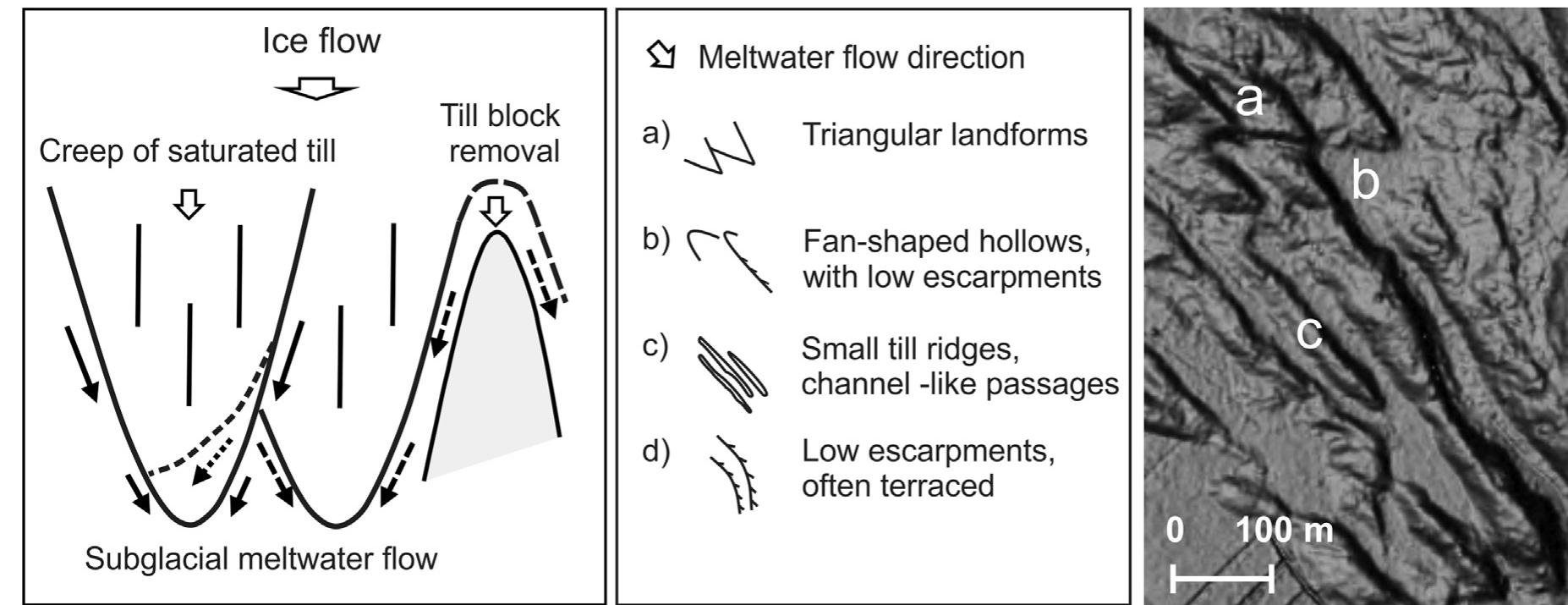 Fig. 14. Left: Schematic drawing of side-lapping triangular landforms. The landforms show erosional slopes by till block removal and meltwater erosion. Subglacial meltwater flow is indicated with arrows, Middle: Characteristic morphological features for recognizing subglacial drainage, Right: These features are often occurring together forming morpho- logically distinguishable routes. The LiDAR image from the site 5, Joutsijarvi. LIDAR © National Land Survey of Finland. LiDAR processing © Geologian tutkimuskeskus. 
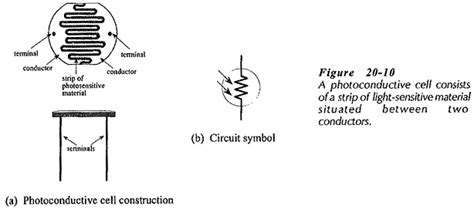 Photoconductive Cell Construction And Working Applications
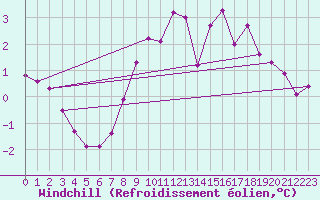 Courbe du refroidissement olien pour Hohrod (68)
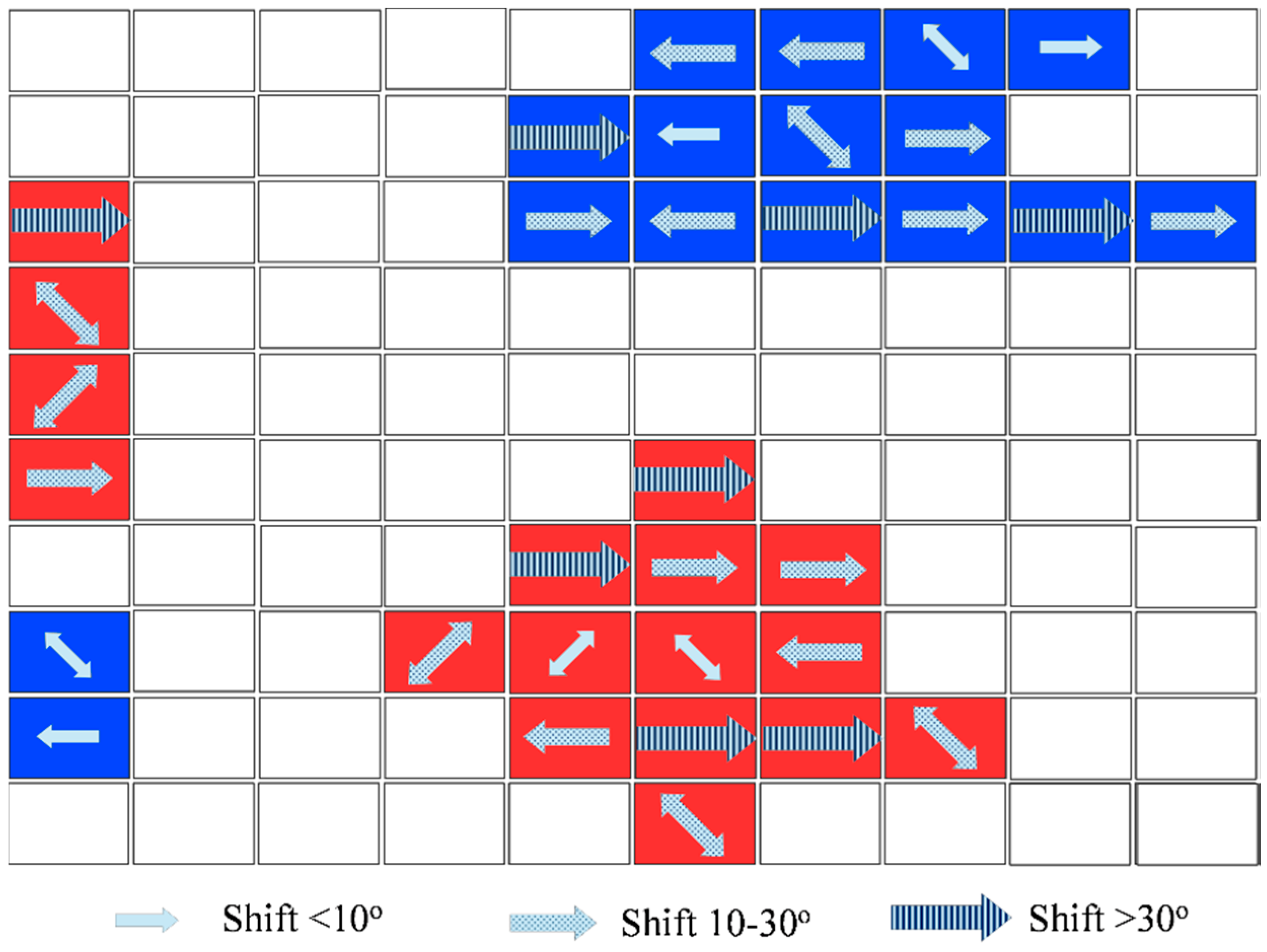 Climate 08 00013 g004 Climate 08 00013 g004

§ EXERCISE AIM: Leave out the pictures and give the rest of the material again, unaltered.

§ SOLUTION FOR THIS TASK:
 Fig. 14. Left: Schematic drawing of side-lapping triangular landforms. The landforms show erosional slopes by till block removal and meltwater erosion. Subglacial meltwater flow is indicated with arrows, Middle: Characteristic morphological features for recognizing subglacial drainage, Right: These features are often occurring together forming morpho- logically distinguishable routes. The LiDAR image from the site 5, Joutsijarvi. LIDAR © National Land Survey of Finland. LiDAR processing © Geologian tutkimuskeskus. 
 Photoconductive Cell Construction And Working Applications
 Courbe du refroidissement olien pour Hohrod (68)
 Climate 08 00013 g004 Climate 08 00013 g004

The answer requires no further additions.